You connect the devices on J_INTERRUPTS, pin 8 has the highest priority, pin1 the lowest.
In software you will need an Interrupt Service routine like the one i have here. I clear the interrupt as soon as i read it. DEVINP is the port i use to read the interrupts (0..7) and DEVINT is the port to clear one of them.
PS/2 Keyboard Module (or USB with PS/2 support)
This module makes it possible to connect a PS/2 Keyboard to Z80. PS/2 keyboard uses two signals Data and Clock and these are connected to the databus. Connect D0-D7 to J_INPUT_BIT (i use D6,D7) to read the signals and also J_DEVSEL_IN to a port on Spare or Extended pins. You also need to connect D0-D7 to J_OUT_CLK_DAT (i use d1,d2) in order to control the keyboard.

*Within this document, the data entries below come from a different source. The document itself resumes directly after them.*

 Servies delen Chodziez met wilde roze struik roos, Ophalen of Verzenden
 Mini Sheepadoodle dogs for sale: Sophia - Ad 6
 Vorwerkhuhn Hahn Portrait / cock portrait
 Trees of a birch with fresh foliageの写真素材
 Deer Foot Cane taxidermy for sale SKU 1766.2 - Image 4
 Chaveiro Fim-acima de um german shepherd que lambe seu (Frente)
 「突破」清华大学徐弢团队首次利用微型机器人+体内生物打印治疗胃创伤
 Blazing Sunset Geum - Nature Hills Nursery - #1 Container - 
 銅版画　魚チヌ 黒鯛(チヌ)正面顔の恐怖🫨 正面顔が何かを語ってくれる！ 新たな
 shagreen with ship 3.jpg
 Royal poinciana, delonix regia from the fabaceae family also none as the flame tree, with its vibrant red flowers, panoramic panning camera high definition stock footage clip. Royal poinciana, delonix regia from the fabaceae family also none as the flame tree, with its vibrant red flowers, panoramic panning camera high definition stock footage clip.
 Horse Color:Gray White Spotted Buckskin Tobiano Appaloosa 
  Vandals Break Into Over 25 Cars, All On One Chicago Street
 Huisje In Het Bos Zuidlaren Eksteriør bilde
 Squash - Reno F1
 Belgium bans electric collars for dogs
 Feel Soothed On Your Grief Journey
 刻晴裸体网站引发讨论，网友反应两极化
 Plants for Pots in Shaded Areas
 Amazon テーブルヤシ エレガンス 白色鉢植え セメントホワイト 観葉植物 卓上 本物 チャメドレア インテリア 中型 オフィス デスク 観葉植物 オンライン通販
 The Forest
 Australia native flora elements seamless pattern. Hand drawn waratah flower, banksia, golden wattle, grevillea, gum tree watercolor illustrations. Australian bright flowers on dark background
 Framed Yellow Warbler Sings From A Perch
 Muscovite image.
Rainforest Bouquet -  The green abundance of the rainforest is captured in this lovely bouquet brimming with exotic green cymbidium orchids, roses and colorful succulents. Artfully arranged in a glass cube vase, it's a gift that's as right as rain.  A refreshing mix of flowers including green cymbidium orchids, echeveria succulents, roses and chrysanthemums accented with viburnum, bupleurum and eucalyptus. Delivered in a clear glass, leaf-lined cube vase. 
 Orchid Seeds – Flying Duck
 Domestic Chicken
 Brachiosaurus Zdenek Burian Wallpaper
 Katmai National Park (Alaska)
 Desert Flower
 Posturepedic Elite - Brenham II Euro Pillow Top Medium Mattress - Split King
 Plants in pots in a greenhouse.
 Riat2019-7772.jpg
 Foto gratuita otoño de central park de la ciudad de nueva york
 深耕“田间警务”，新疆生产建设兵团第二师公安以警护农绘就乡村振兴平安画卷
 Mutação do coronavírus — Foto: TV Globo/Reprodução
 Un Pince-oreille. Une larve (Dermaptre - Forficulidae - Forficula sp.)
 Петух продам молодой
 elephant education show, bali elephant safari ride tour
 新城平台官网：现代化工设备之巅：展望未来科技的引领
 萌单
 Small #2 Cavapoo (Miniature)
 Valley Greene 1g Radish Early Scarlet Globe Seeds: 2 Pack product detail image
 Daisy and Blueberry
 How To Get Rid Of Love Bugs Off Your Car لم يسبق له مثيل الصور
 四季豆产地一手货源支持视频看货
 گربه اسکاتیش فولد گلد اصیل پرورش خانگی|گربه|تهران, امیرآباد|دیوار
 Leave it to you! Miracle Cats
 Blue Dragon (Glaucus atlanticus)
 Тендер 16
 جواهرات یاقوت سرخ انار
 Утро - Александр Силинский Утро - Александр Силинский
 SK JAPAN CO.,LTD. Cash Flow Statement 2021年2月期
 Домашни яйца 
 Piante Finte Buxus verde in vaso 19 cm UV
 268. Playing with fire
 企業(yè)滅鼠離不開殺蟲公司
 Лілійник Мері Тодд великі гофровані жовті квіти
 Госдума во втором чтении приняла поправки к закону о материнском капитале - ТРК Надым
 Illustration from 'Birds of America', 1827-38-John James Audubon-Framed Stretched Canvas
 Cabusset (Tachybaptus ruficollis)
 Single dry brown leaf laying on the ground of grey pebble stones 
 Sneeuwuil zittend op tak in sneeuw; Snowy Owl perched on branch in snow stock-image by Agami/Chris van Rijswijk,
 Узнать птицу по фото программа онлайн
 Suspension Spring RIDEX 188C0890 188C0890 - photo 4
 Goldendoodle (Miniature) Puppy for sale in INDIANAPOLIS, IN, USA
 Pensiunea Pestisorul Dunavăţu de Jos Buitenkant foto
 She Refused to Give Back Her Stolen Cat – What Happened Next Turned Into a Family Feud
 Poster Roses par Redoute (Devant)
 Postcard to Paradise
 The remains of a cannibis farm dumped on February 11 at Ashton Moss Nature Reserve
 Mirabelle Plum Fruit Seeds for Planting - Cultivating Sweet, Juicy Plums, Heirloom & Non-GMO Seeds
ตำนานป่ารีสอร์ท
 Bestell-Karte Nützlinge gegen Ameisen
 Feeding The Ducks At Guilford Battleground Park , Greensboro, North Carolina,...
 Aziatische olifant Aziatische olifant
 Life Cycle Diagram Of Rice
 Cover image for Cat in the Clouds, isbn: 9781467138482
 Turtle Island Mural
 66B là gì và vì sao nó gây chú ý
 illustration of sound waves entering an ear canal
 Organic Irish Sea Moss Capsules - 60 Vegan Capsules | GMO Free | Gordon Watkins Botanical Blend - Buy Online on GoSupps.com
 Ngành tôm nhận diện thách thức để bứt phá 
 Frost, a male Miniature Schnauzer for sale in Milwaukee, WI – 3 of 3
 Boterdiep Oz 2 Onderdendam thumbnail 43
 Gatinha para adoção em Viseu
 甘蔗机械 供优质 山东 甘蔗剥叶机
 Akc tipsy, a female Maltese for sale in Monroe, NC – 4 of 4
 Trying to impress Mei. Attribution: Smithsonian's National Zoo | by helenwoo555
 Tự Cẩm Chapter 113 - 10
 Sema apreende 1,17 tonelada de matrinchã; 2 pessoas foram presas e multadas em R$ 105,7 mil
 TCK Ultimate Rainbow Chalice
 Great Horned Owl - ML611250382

A port is needed also so connect J_DEV_SEL_OUT on Spare or Extended. So 2 data bits for reading and 2 data bits for writing to control Data and Clock signals on keyboard.
The software driver is here . The necessary files to build the PCB is HERE. I ll make a new PCB with a PS/2 connector since there are cheap USB to PS/2 connectors after all.
Three routines are needed: PS2ISK returns 0 on reg A if there is a key to be read, PS2KEY gets a byte from the keyboard. READCHAR gets an ASCII keycode.
So call READCHAR to get a char from the keyboard(CAPS, SHIFT, CONTROL and ALT are handled). Zero is returned if no key was pressed.
I2C Module
This module supports up to four i2c devices. The Pinout on the connectors are VCC,GND,SDA,SCL. Connect J_DEV_SEL (CE) on a SPARE or EXTENDED PIN to have a port to control the i2c devices. You will need a PCA9665D SMD I.C. that handles the I2C protocol signals. Also an LM3940 to convert from 5v to 3.3v that this I.C. needs. The necessary driver source code can be found here. There are drivers also for DS1307 RTC and LCD 16×2 attached to an I2C module that converts the default parallel interface of the LCD. Gerber Files for the pcb manufacturer here.